_Material provided_
- - - - -
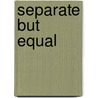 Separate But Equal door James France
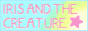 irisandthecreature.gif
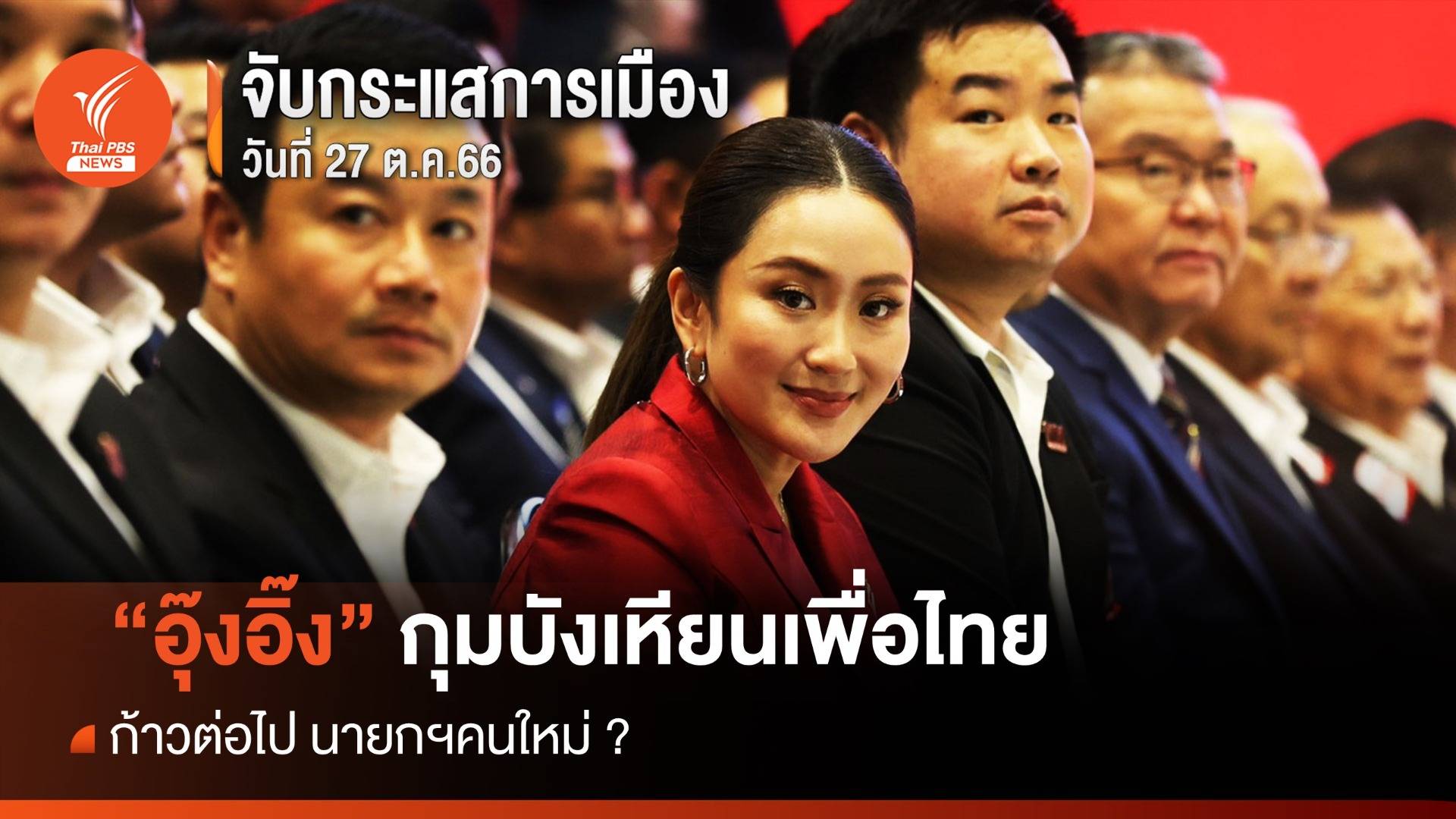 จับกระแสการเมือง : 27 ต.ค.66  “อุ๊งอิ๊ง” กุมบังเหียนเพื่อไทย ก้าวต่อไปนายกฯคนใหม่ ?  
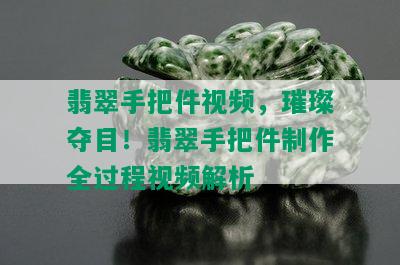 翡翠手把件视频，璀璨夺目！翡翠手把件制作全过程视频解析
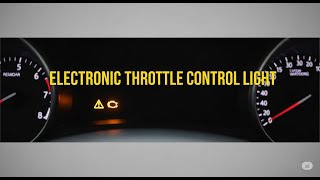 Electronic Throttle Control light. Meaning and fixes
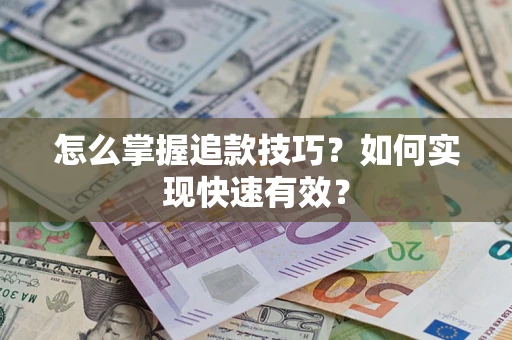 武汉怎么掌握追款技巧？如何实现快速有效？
- - - - -
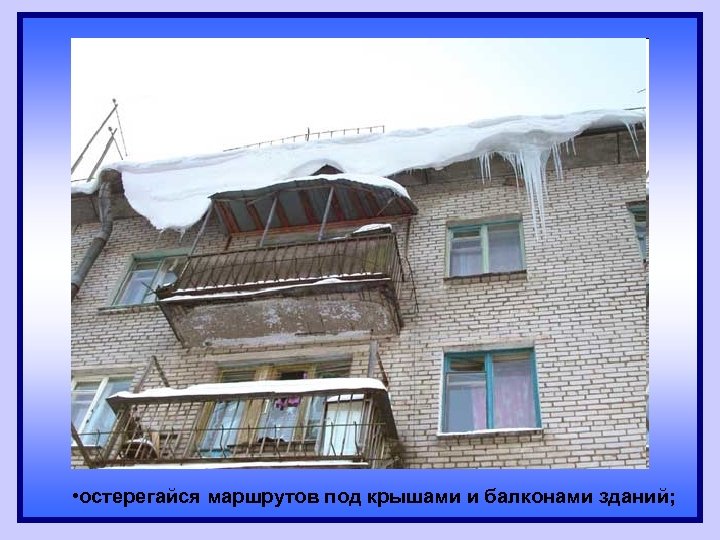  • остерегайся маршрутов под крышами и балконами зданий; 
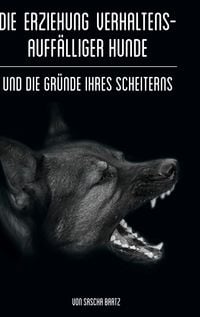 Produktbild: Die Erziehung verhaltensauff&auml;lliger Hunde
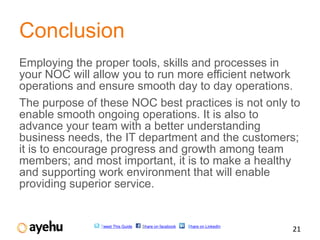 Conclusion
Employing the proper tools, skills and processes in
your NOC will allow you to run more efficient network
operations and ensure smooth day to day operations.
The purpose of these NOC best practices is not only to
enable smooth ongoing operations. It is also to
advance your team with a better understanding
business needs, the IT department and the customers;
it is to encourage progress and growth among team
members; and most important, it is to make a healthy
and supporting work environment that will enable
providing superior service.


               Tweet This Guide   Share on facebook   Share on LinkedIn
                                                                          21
- - - - -
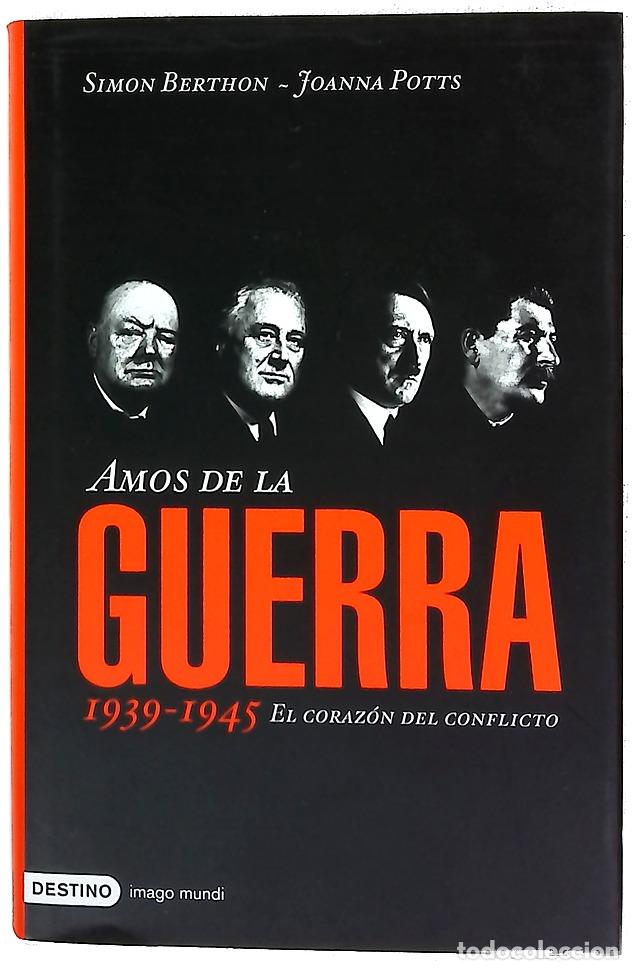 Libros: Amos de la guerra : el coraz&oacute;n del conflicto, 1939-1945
- - - - -
_What needs to be done_
What's needed is an exact copy of the records above from the line containing "Separate But Equal door James France" down to the line containing "武汉怎么掌握追款技巧？如何实现快速有效？", both included, without any pictures.

_Answer to the problem_
 Separate But Equal door James France
 irisandthecreature.gif
 จับกระแสการเมือง : 27 ต.ค.66  “อุ๊งอิ๊ง” กุมบังเหียนเพื่อไทย ก้าวต่อไปนายกฯคนใหม่ ?  
 翡翠手把件视频，璀璨夺目！翡翠手把件制作全过程视频解析
 Electronic Throttle Control light. Meaning and fixes
 武汉怎么掌握追款技巧？如何实现快速有效？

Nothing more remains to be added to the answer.